START EXTRACTED RECORDS

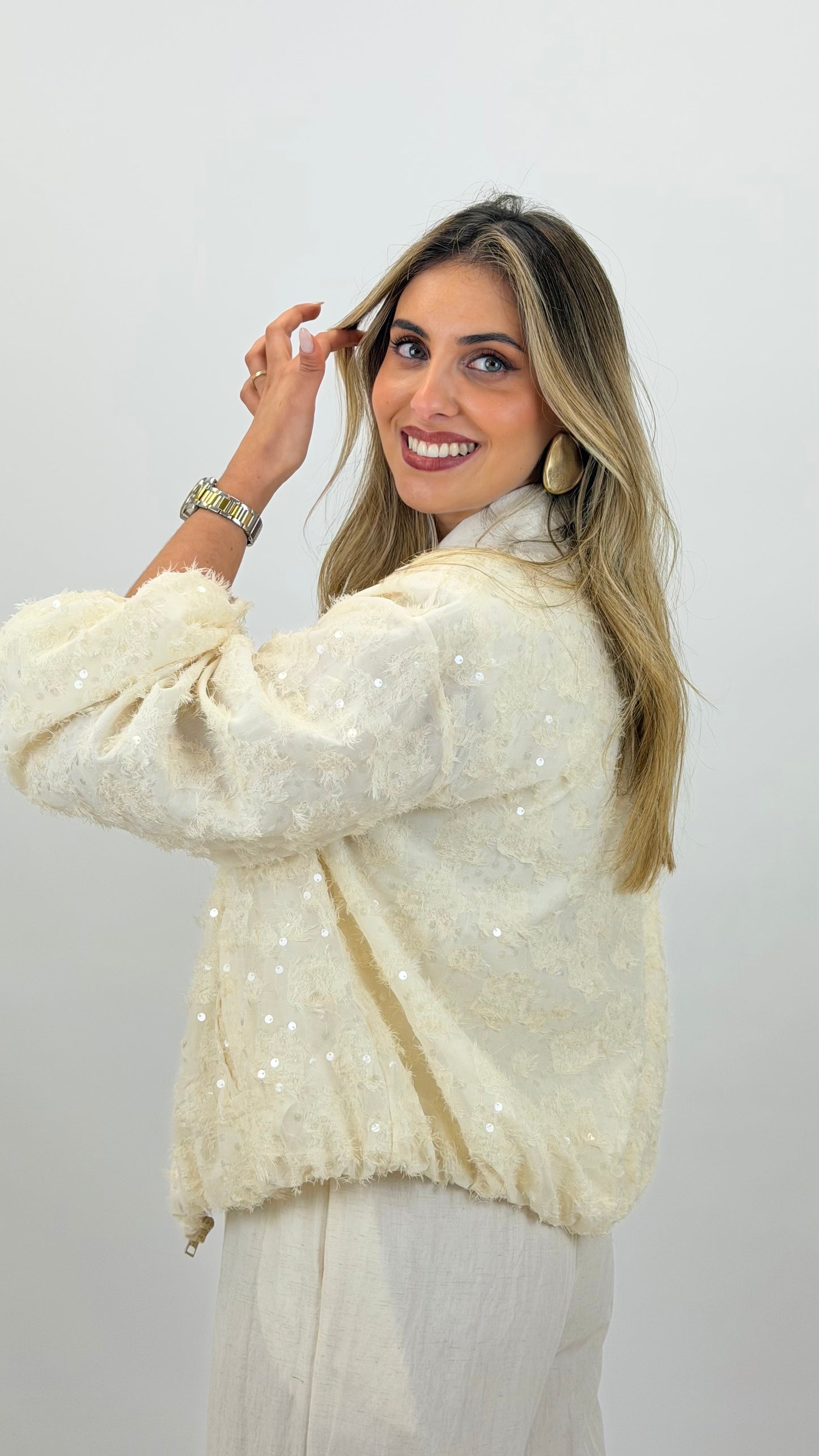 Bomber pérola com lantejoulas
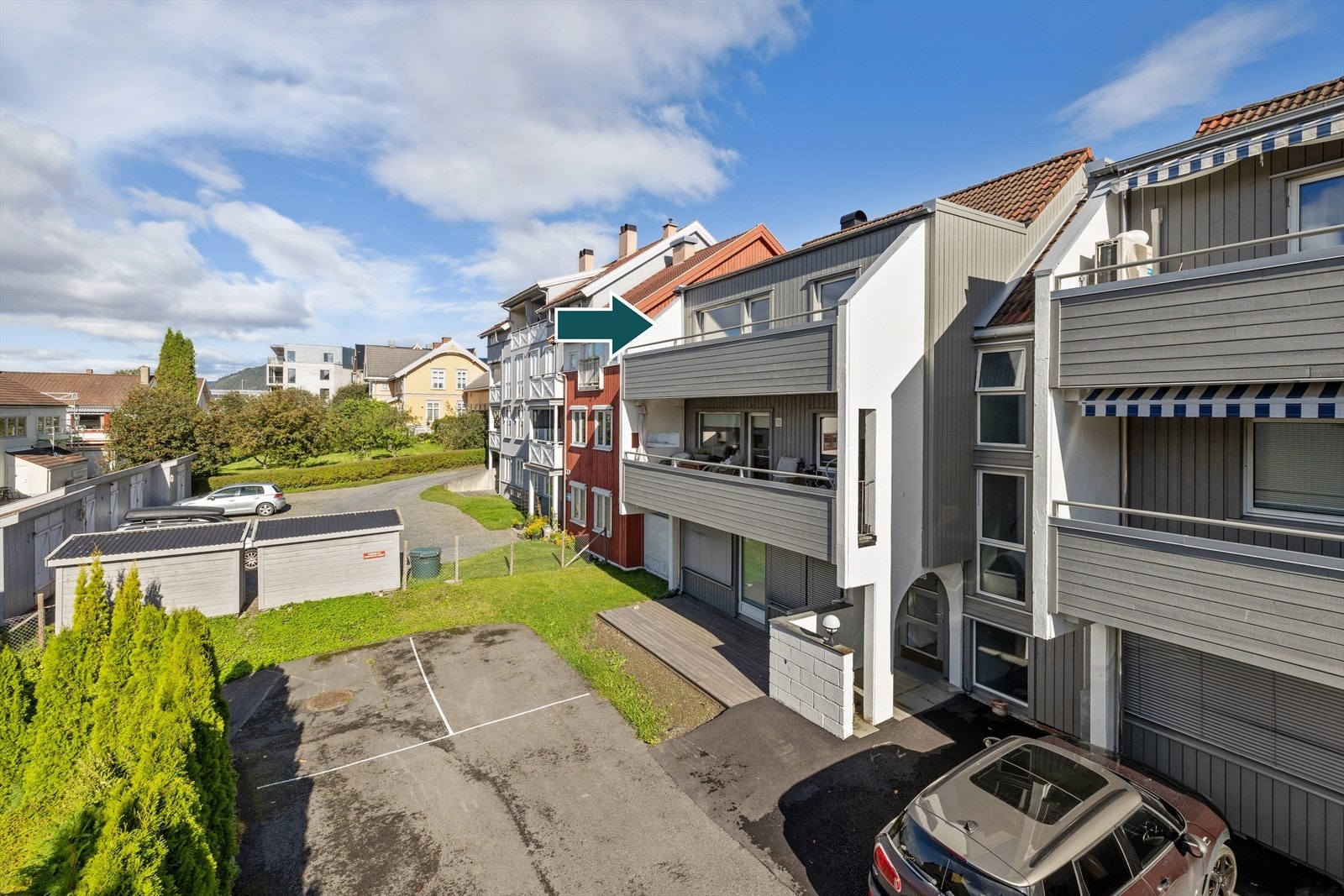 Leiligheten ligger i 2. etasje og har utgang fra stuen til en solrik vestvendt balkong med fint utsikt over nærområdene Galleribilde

END EXTRACTED RECORDS
START EXTRACTED RECORDS

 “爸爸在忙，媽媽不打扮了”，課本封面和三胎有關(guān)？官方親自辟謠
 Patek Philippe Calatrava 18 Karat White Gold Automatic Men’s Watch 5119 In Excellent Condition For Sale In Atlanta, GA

END EXTRACTED RECORDS
START EXTRACTED RECORDS

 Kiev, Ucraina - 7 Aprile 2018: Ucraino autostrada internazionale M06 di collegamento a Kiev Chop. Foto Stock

END EXTRACTED RECORDS

WHAT IS EXPECTED: Your copy should hold only the lines above from the one containing "Bomber pérola com lantejoulas" through the one containing "Leiligheten ligger i", exactly as written and free of pictures.

EXERCISE OUTPUT:
 Bomber pérola com lantejoulas
 Leiligheten ligger i 2. etasje og har utgang fra stuen til en solrik vestvendt balkong med fint utsikt over nærområdene Galleribilde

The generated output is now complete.